Oczywiście możliwość wyegzekwowania konkretnych świadczeń od biura podróży zależy od tego, co znalazło się w umowie, którą podpisaliśmy, kupując wycieczkę lub wczasy. Im dokładniej były sprecyzowane zawarte w niej zapisy, tym nasze szanse są większe.
O tym, co powinno się znaleźć w umowie z biurem podróży, mówi ustawa o usługach turystycznych (tekst jedn. DzU z 2004 r. nr 223, poz. 2268 ze zm.).
Wymaga ona, aby pisemna umowa określała m.in. organizatora imprezy turystycznej (wyjazdu lub wycieczki), miejsce pobytu lub trasę wycieczki, czas trwania, program całej imprezy (w tym rodzaj, jakość i termin oferowanych usług, np. rodzaj, położenie i kategorię hotelu oraz liczbę posiłków), cenę całej imprezy (z wyszczególnieniem wszelkich koniecznych należności, podatków i opłat, jeżeli nie zostały zawarte w cenie).
Umowa musi także wskazywać okoliczności, które mogą spowodować podwyższenie ceny imprezy, sposób zapłaty, zakres ubezpieczenia oraz termin powiadomienia o ewentualnym odwołaniu wycieczki z powodu braku zgłoszeń.

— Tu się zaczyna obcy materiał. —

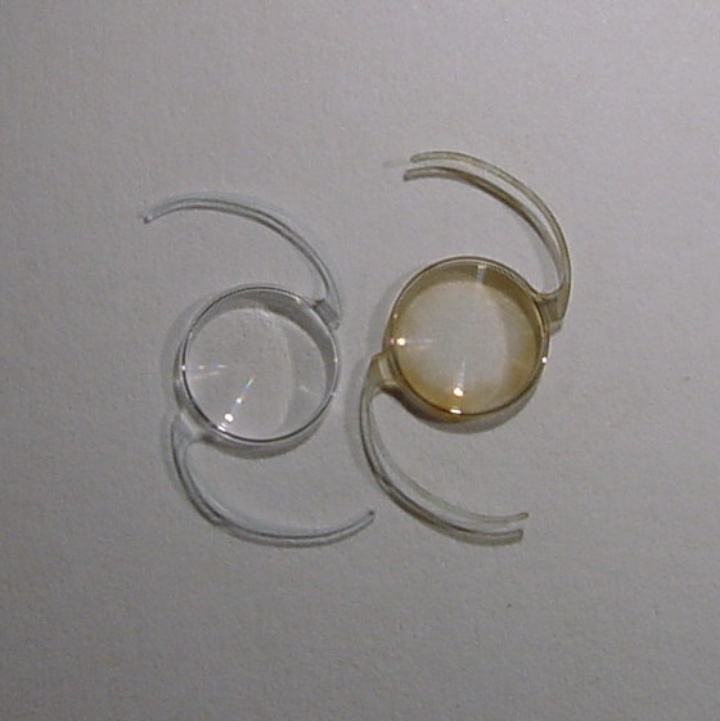 Mit einem Niederdruckplasma-Verfahren gereinigte Implantationslinse (links) und ungereinigte Linse (rechts).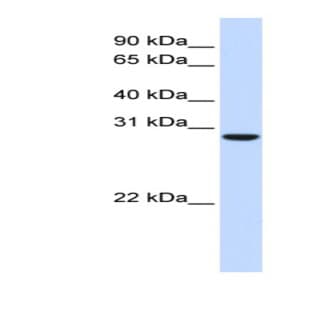 anti-Chromosome 18 Open Reading Frame 10 (C18orf10) (Middle Region) antibody avatar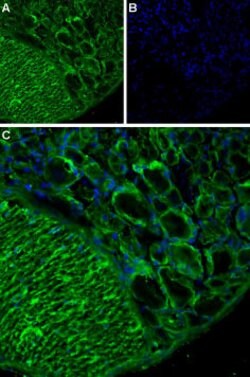 TRPA1 (extracellular) Polyclonal Antibody, Invitrogen 50 &mu;L; Unconjugated:Antibodies,
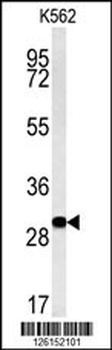 ELP6 Antibody (C-term)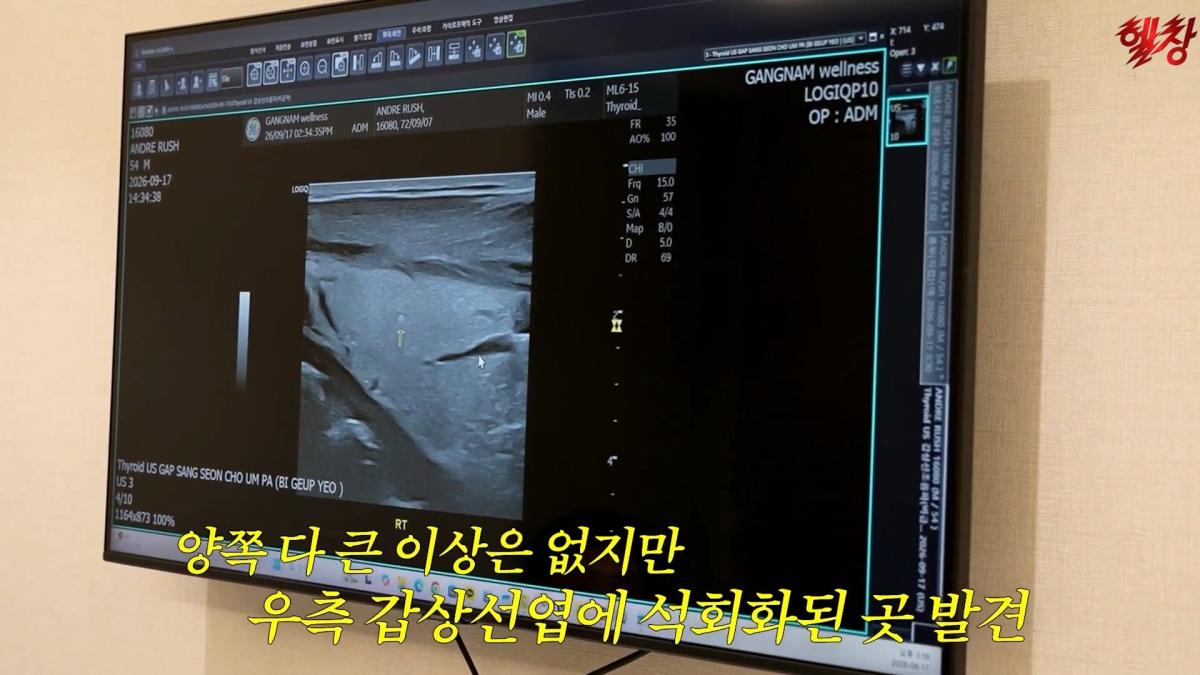 미국엔 왜 이런게 없을까요._ 인생 첫 건강검진 받고 충격 먹은 백악관 셰프_20261005_174819.662.jpg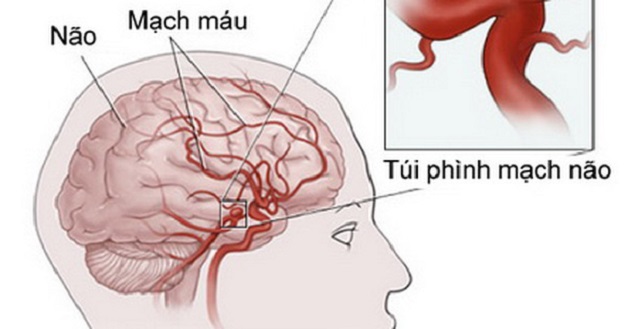 Mô tả quá trình phình mạch não diễn ra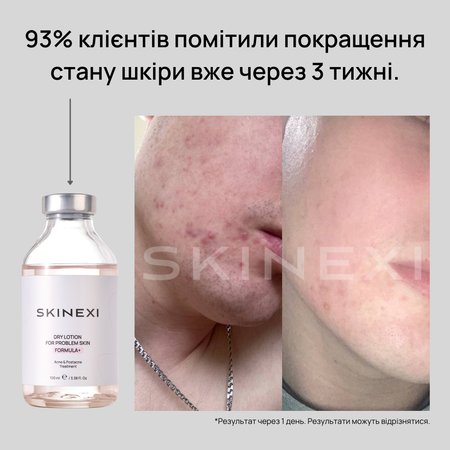 Розпродаж!!! Лосьйон від прищів та акне Skinexi Dry Lotion Formula+ 100 мл
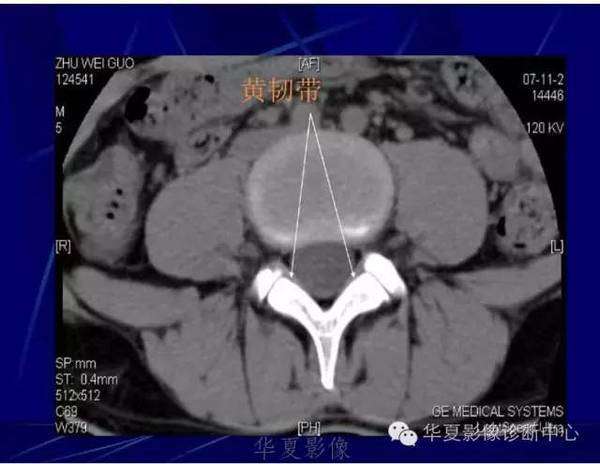详细的腰椎解剖,椎间盘突出,膨出,看这里!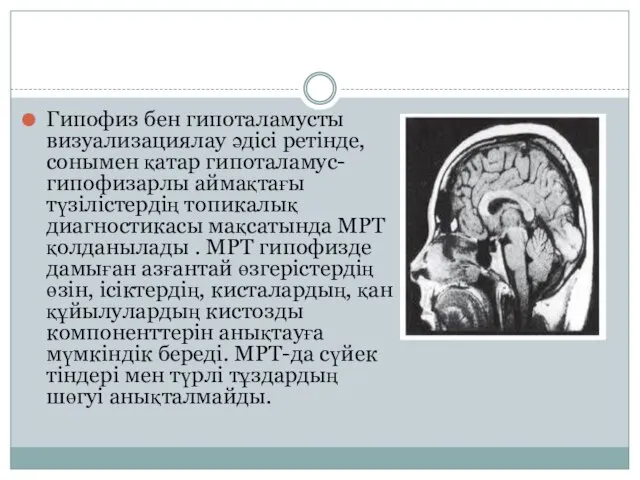 Гипофиз бен гипоталамусты визуализациялау әдісі ретінде, сонымен қатар гипоталамус-гипофизарлы аймақтағы түзілістердің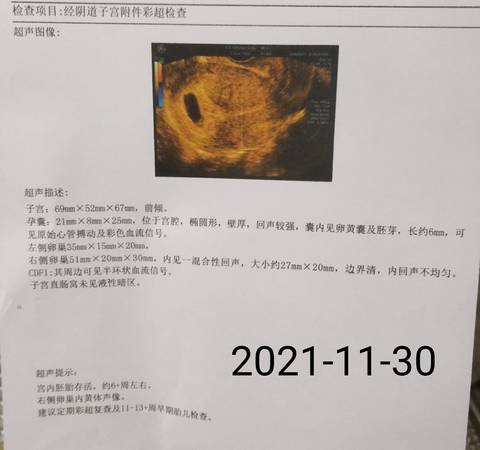 journal_insert_pic_1676323951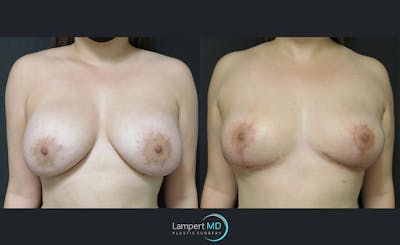 Breast Explant Before & After Gallery - Patient 122908859 - Image 1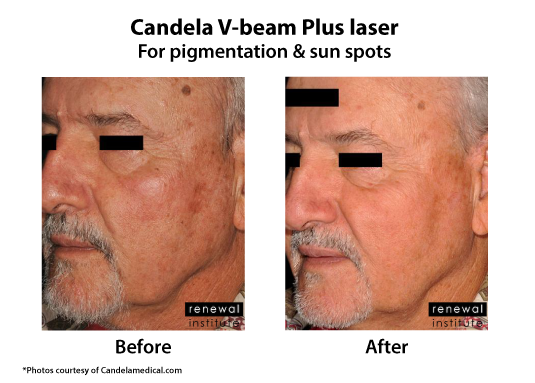 Before And After Vbeamprima Pigmentation And Sun Spots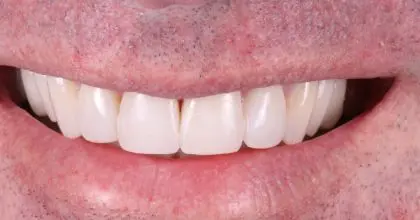 PA. After. invisalign, whitening, & bonding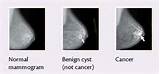 Images of Benign Vs Malignant Breast Lumps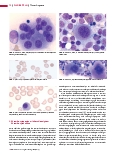 Vorschauseite 3: Thrombopoese (Teil 4) Erworbene Thrombozytopenien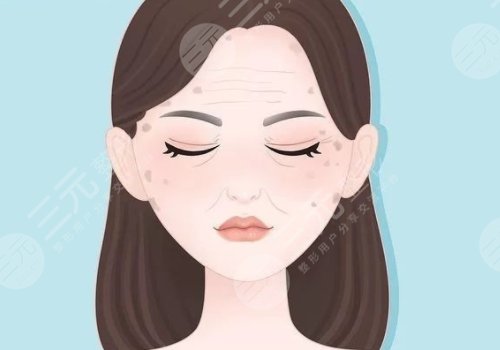 怎樣治老年斑？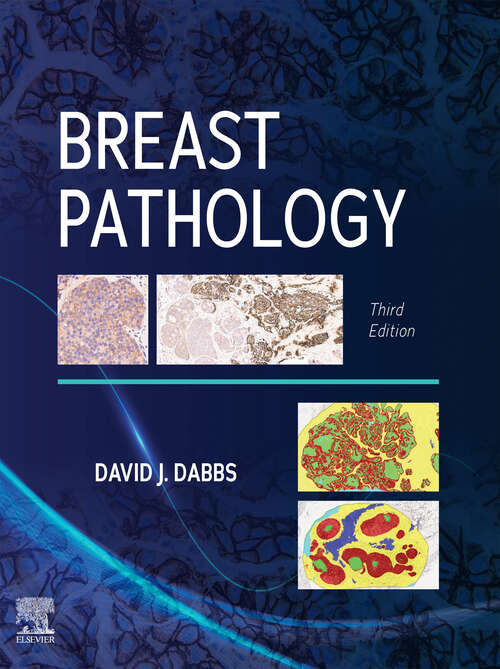 Book cover of Breast Pathology, E-Book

Ponadto w umowie powinien być określony sposób składania reklamacji. O tym, jak wielkie ma to znaczenie, turysta dowiaduje się dopiero wówczas, gdy w trakcie wyjazdu dojdzie do nieprawidłowości. Dlatego warto mieć ze sobą umowę (bądź jej kopię), a także zabrać program imprezy turystycznej, katalog i tzw. warunki uczestnictwa. Łatwo będzie ustalić, czy organizator naszego wyjazdu wywiązał się z tego, co nam obiecywał, i czy dostaliśmy to, za co zapłaciliśmy.